If there is a virtual machine that occasionally generates a huge amount data to be replicated, more than normal, RPO violations will be reported for those occasional instances. This is because the VR algorithm calculates sync start time based on the average sync time of last 5 sync jobs.

To calculate the required bandwidth, see: Calculating Bandwidth for vSphere Replication.

Full-Sync checksum optimization

Starting with VR version 5.1, full-sync checksumming is offloaded to the NFC host (DR site host). In 5.0 we had to read the data from the disk over NFC to calculate a checksum on the VR servers. However since 5.1 we just issue the request to calculate a checksum to the NFC server, so the disk IO happens on that host. The only thing sent over the network is the checksum values. This explains a performance improvement between 5.0.x and 5.1.x

How does VR snapshot consolidation work?

This is how the snapshot structure looks when a test failover is triggered.

Snapshot actions that occur when you trigger a test failover:

Snapshot delta 1 is the virtual machine snapshot that is migrated to the remote site.

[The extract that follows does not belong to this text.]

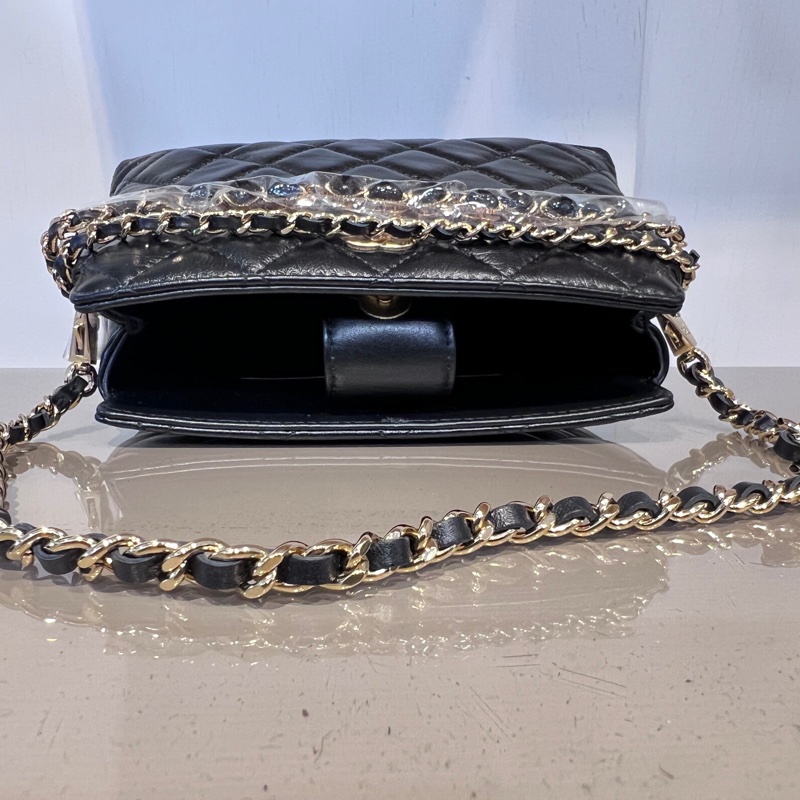 Chanel 黑牛皮金釦菱格紋前愛心鏈條肩背包-5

It is not updated after test failover begins.
Snapshot delta 2 stores all new RPO syncs
Snapshot delta 3 is used for each subsequent sync (the file inflates and then data is committed to delta 2)

Notes:

If you leave a test failover in a failed over state overnight, delta 2 could grow to a very large size by morning
If there are a lot of virtual machines in the test failover, all of them will have snapshots to consolidate, so there may be a significant performance hit.
You do not see the consolidation progress in the UI, so there is no user awareness of this ongoing task. If you need to monitor the progress of the snapshot commit, see Commands to monitor snapshot deletion in VMware ESX/ESXi.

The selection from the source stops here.